Ainsi l’institution économique prévoit d’ici 2050, dans le scénario d’un niveau élevé de précipitation et scénarios optimistes une baisse annuelle de 2,2 % du PIB du Niger et de 6,4 % pour le Mali. Et dans le scénario de faible niveau de précipitation et scénario pessimiste, une baisse de 6,8 % du PIB du Burkina Faso et de 11,9 % pour le Niger. L’étude signale que les impacts négatifs sont suffisamment importants pour annihiler une « grande partie ou la totalité de la croissance annuelle du PIB réel et du PIB par habitant ». Ces estimations sont susceptibles de sous-estimer l’impact du changement climatique sur le PIB parce que tous les canaux d’impact ne sont pas inclus, et parce qu’elles ne tiennent pas compte des effets amplificateurs de l’augmentation des conflits, des modifications des écosystèmes et des migrations induits par le changement climatique.

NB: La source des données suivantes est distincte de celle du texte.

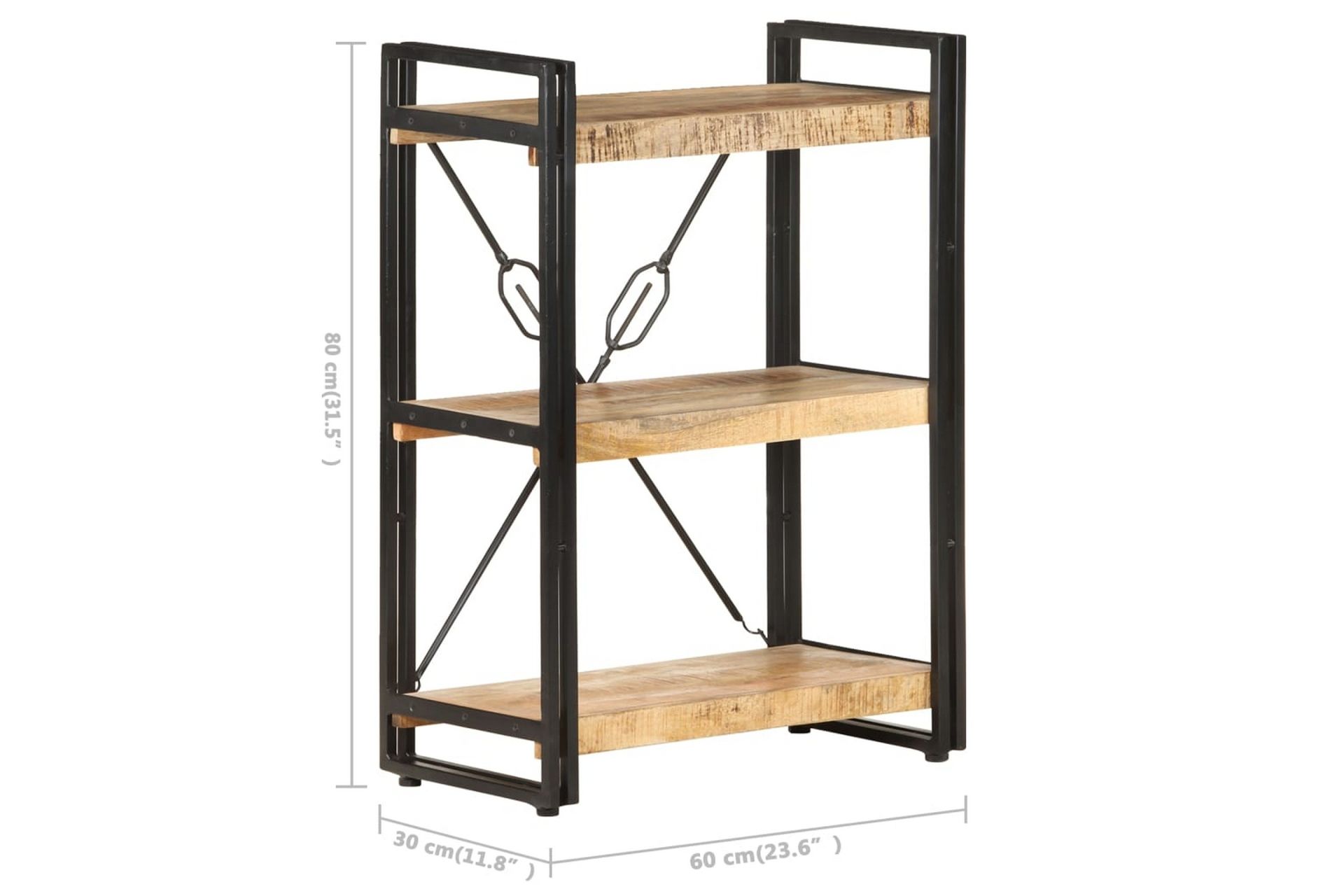 Bokhylle 3 etasjer 60x30x80 cm heltre mango - Brun - Oppbevaring - Hyller - Bokhylle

À titre de comparaison, rappelons qu’une étude de la Banque mondiale de 2016 a estimé que le PIB des pays du Sahel pourrait enregistrer une baisse allant jusqu’à 11,7 % d’ici 2050 rien qu’en raison d’une pénurie d’eau liée au changement climatique.
Les secteurs économiques qui souffrent ou qui souffriront plus de cette crise climatique concernent les cultures pluviales et le bétail où les rendements baisseront dans le scénario d’un climat sec alors qu’ils augmenteront dans certains pays dans le scénario d’un niveau élevé de précipitation. L’agriculture sera fortement affectée, ce qui va induire une forte insécurité alimentaire. La productivité du travail connaitra une baisse causée par le stress thermique qui sera plus importante dans un scénario pessimiste (plus chaud) et plus importante dans l’agriculture et l’industrie étant donné le plus grand nombre de travailleurs en plein air dans ces secteurs. Les dommages occasionnés aux routes et aux ponts seront plus importants dans un scénario de climat humide.

Développement, adaptation, atténuation, les remèdes !
« Avec une population qui devrait doubler au cours des 20 prochaines années pour atteindre 160 millions de personnes, les pays du Sahel doivent accélérer leur croissance et prioriser l’adaptation climatique s’ils veulent concrétiser le dividende démographique et mettre la région sur la voie d’une croissance durable et inclusive. ». Cet appel du vice-président de la Banque mondiale pour l’Afrique de l’Ouest et centrale coincide parfaitement avec l’essentiel des recommandations du rapport pour éviter le chaos. Il est ainsi notamment recommandé l’intensification des actions de développement que la Banque excipe comme une urgence pour la région. Et ce processus devra inclure une bonne capacité d’adaptation face au changement climatique. En outre, comme le signale également le rapport, la combinaison des mesures d’adaptation et d’atténuation des effets du changement climatique peuvent constituer de puissants outils de développement, œuvrant ensemble pour la réalisation d’objectifs plus larges et l’amélioration de la résilience.